Solo senso di sicurezza?
«Beh, c'è anche un aspetto scaramantico e propiziatorio, anche questo molto italiano: la indosso perché mi porta bene, così non mi contagio. Un po' come uscire con l'ombrello per esorcizzare l'acquazzone. Aggiungerei un altro dato: c'è di mezzo l'educazione familiare italiana. Pensiamo a certi adolescenti australiani che, col freddo intenso, escono di casa in pantaloncini e t-shirt. Le mamme italiane invece coprono i figli con sciarpe, maglioni, cappelli. La mascherina rientra in questa cultura della protezione. Insomma, gli italiani riproducono i comportamenti appresi nell'infanzia... In più va ricordato che la mascherina ha abbassato il picco della normale influenza stagionale. Infatti i giapponesi la indossano da sempre».
Alberto Zangrillo, prorettore dell'università Vita-Salute San Raffaele di Milano, accusa: usare ancora la mascherina all'aperto è il segno di una psicosi collettiva figlia dell'ignoranza e della disinformazione.
«Non è così. Una psicosi è una paura priva di legame con la realtà ma condivisa e che quindi determina uno stato di tensione generale. Qui il legame con la realtà c'è, la gente continua a usare le mascherine con tranquillità e per scelta personale. C'è anche un problema di gradualità, bisogna abituarsi a farne a meno».
Le abitudini sono difficili da dimenticare...
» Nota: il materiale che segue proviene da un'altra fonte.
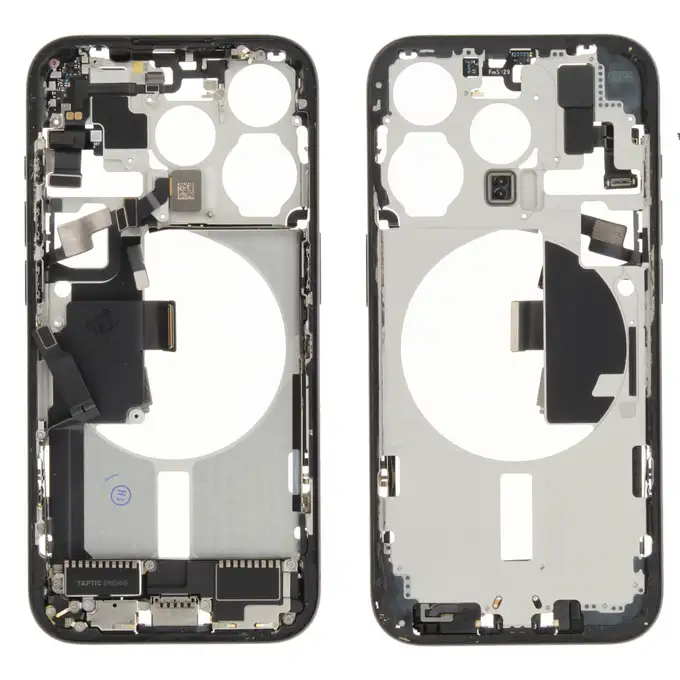 Korpus środkowy (Pulled C) incl. small parts - Niebieski; do iPhone 15 Pro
«Diceva René de Chateaubriand: se per follia credessi nella felicità, la collocherei tra le abitudini. Infatti c'è anche un aspetto ripetitivo, direi coattivo: se la dimentichi a casa torni a riprenderla, ormai fa parte dell'abitudine e della stessa nuova identità personale. In più tanti hanno finito con l'amarla perché è una sorta di burka laico che nasconde una parte del nostro volto, quindi della nostra personalità».
Il ministro Roberto Speranza ricorda che il decreto impone di usare la mascherina all'aperto in caso di assembramenti e che è dunque una questione di buonsenso.
«Mi sembra che questo buonsenso sia diffuso, si vedono tanti che mettono la mascherina quando vedono gruppi di persone in arrivo».
Anche l'uso della mascherina all'aperto finirà, un giorno o l'altro...
«Dovrà a un certo punto finire. Altrimenti si rischia di imitare quel famoso soldato giapponese che, da solo nella giungla, nel 1974 continuava a pensare che la Seconda guerra mondiale non si fosse mai conclusa».